German prosecutors have filed fraud charges against three former board members and a retired senior employee at carmaker Audi.
It is the latest legal development in the “dieselgate” scandal, in which companies and executives were alleged to have broken emissions rules.
Audi is part of Volkswagen, which in 2015 admitted cheating emissions tests on 11 million vehicles worldwide.
Former Audi boss Rupert Stadler already faces charges relating to the affair.
Munich prosecutors said on Thursday the latest four defendants were accused of “fraud, indirect false certification and criminal advertising”. They were not named.
The former senior employee charged on Thursday is accused of having initiated the development of engines for Audi, VW and Porsche vehicles equipped with so-called “defeat devices”, engine software that masked emissions levels.

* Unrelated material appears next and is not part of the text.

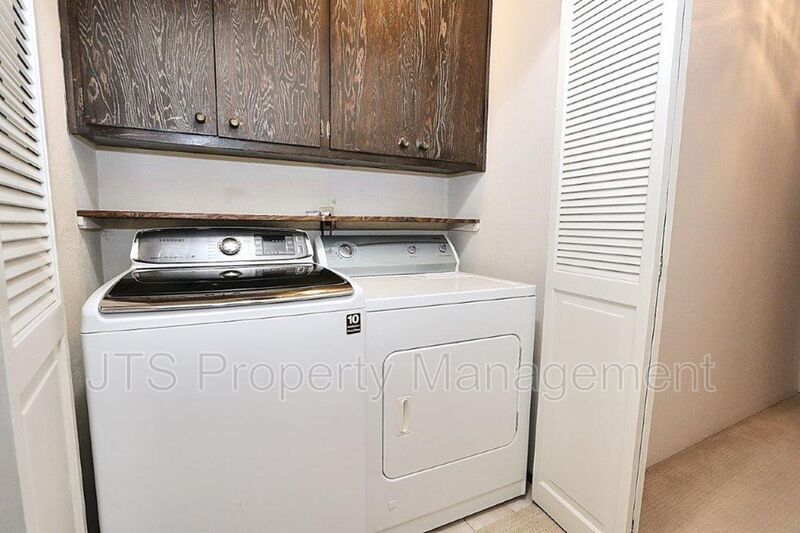 River Parkway Access for this 1 level 4 Bedroom Carmichael Duplex! property image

The three former board members are accused of having known about the manipulations and initiated or failed to prevent further sales of affected Audi and VW vehicles at various times between October 2013 and September 2015.
Prosecutors said one of the individuals lied to Audi about their involvement in the manipulations ahead of their promotion to the board in 2016.
Audi confirmed the charges in a statement, saying it would continue to “cooperate fully with the investigating authorities in order to reconstruct the circumstances that led to the diesel crisis”.
Dieselgate has so far cost VW more than €30bn (£27bn) in compensation, fines and costs for rectifying engines.
Former Audi chief executive Stadler, 57, is due to appear in court in Germany later this year. He was at the helm of Audi for 11 years when he was arrested in June 2018.
Former Volkswagen chief executive Martin Winterkorn, who was in charge of Europe’s biggest car group when the cheating was uncovered, has also been charged and is awaiting trial.
Former Audi and VW director Axel Eiser was arrested in Croatia in June on the basis of an international arrest warrant issued by the US.
In February, VW struck a compensation deal with German consumer groups representing owners of cars caught up in the scandal. But legal action continues elsewhere, including by motorists in the UK.
Several other carmakers have also been alleged to have falsified pollution levels. And in July, offices across Europe were raided over suspicions that Fiat Chrysler and truck maker Iveco could also have fitted vehicles with illegal defeat devices.